→ WHAT IS BEING ASKED
Print, in exact form, the lines below from the one containing "Rock n Roll" through the one containing "Hôtel pour 2 personnes à Turnhout - 4", and omit all others.

→ EXTRACTED INFORMATION
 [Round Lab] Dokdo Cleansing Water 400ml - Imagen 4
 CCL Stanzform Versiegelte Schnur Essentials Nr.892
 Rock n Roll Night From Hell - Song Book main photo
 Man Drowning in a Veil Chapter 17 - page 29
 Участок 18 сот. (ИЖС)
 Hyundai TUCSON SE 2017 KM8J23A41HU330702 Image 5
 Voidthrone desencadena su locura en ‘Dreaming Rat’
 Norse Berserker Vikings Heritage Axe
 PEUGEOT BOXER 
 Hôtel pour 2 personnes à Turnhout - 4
==
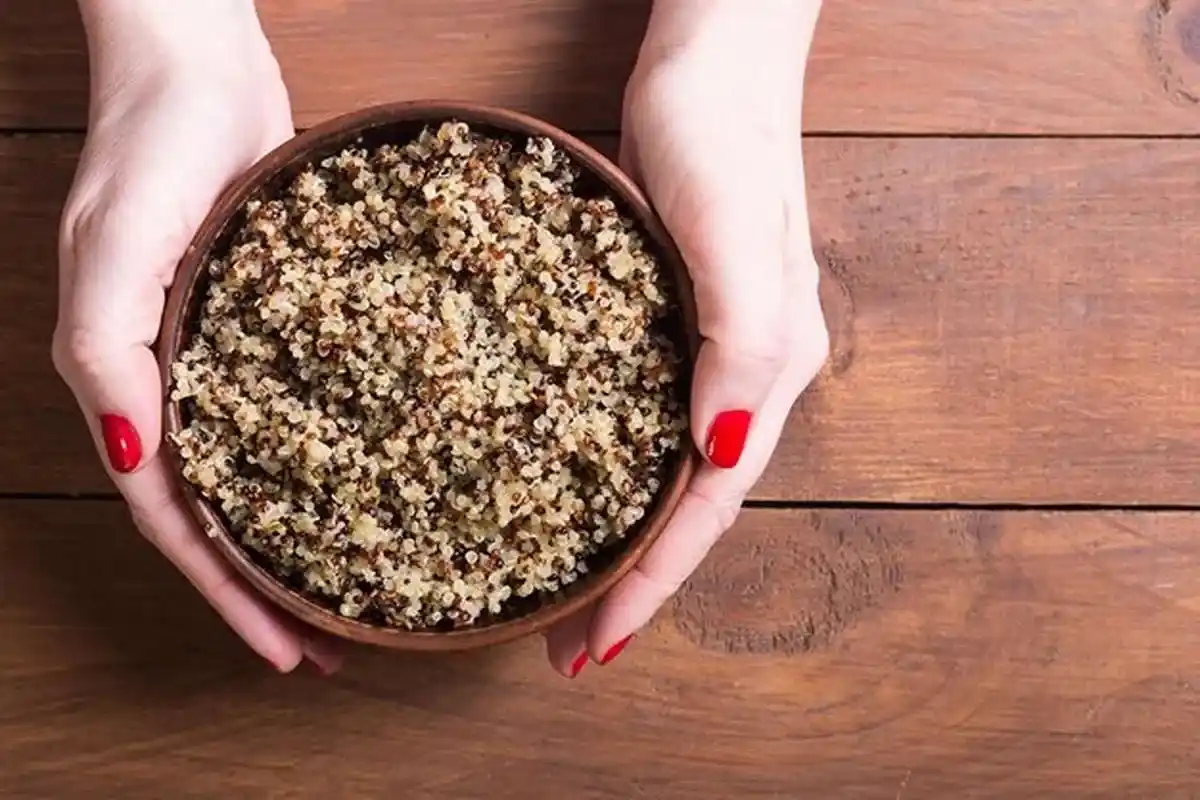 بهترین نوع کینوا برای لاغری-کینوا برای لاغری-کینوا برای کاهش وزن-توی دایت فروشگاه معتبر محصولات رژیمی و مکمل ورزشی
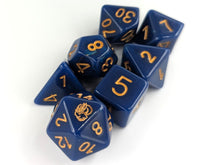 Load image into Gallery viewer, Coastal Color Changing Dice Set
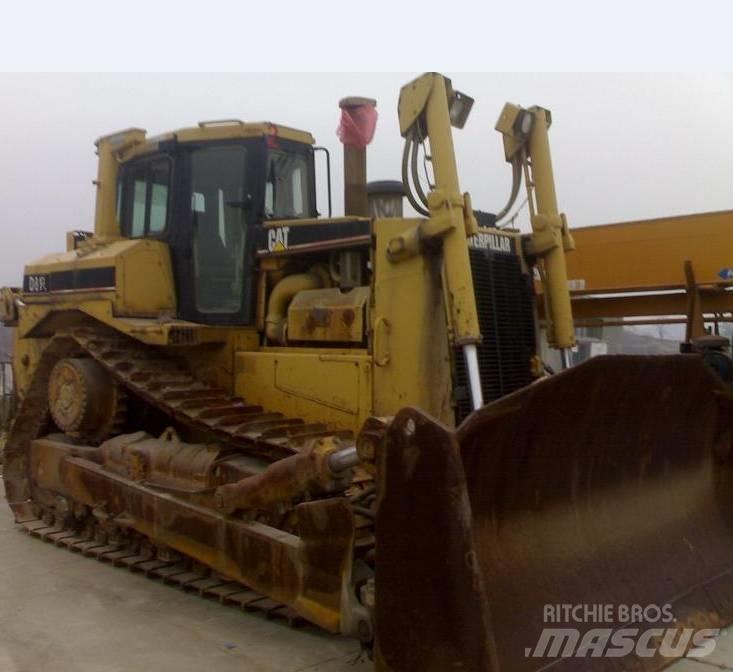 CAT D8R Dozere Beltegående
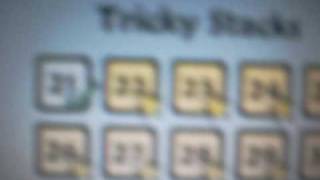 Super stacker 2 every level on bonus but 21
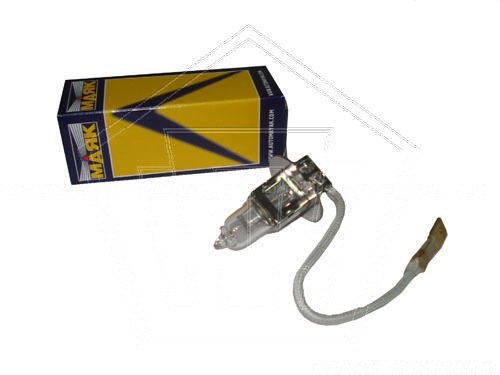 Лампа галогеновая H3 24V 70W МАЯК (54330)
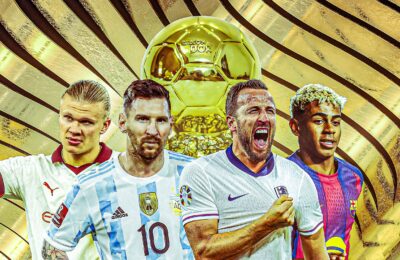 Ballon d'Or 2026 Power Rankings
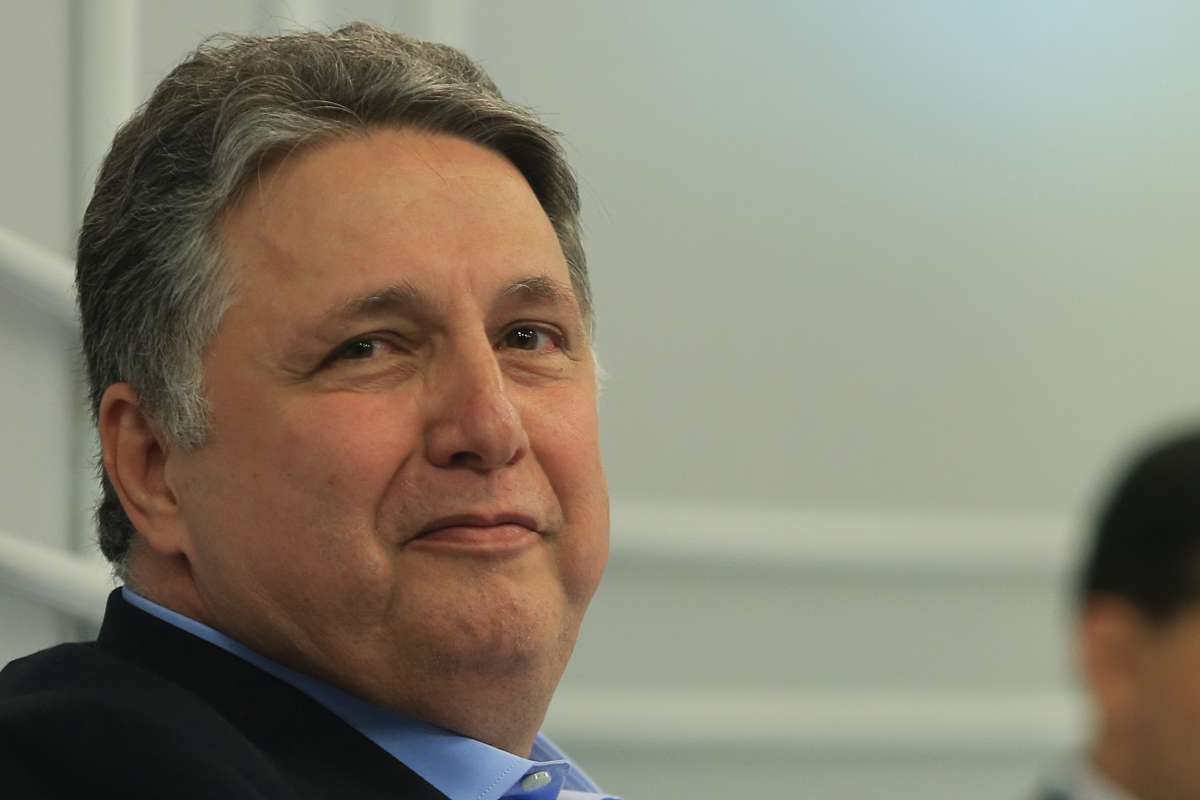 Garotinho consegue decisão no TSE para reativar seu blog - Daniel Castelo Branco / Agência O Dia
...
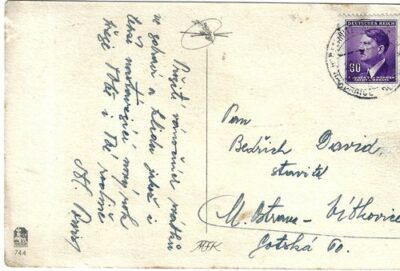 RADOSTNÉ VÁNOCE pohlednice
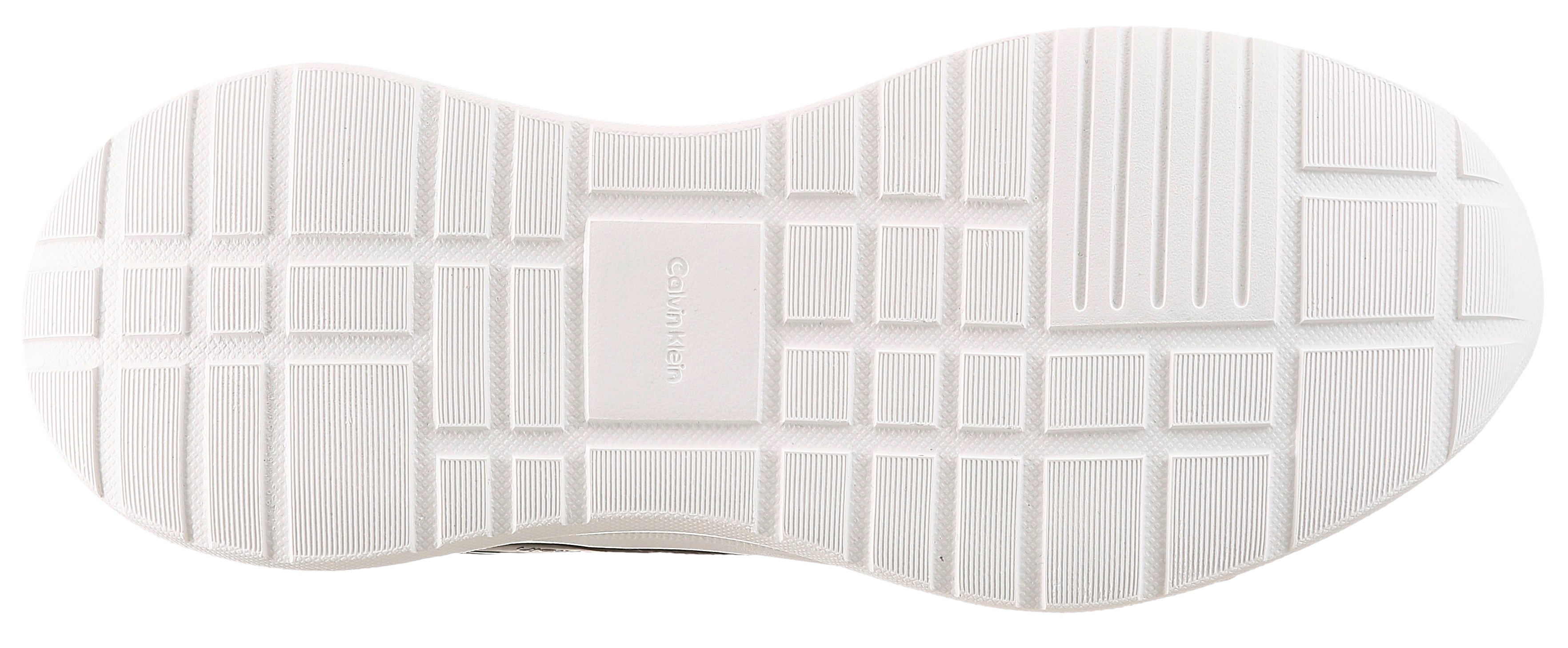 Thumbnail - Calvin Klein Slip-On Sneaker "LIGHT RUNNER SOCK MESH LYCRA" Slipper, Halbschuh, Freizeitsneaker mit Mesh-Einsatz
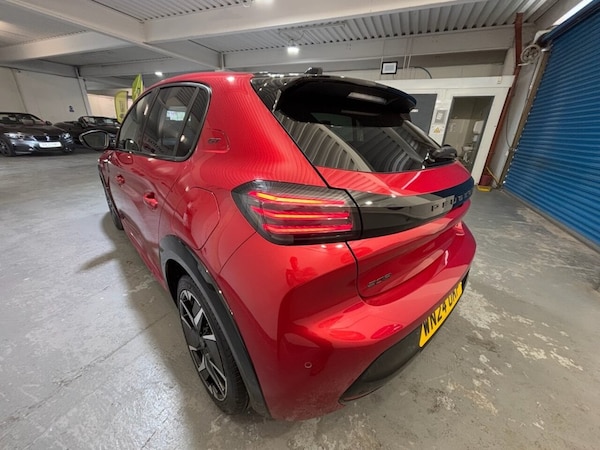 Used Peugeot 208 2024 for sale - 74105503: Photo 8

→ ANSWER
 Rock n Roll Night From Hell - Song Book main photo
 Man Drowning in a Veil Chapter 17 - page 29
 Участок 18 сот. (ИЖС)
 Hyundai TUCSON SE 2017 KM8J23A41HU330702 Image 5
 Voidthrone desencadena su locura en ‘Dreaming Rat’
 Norse Berserker Vikings Heritage Axe
 PEUGEOT BOXER 
 Hôtel pour 2 personnes à Turnhout - 4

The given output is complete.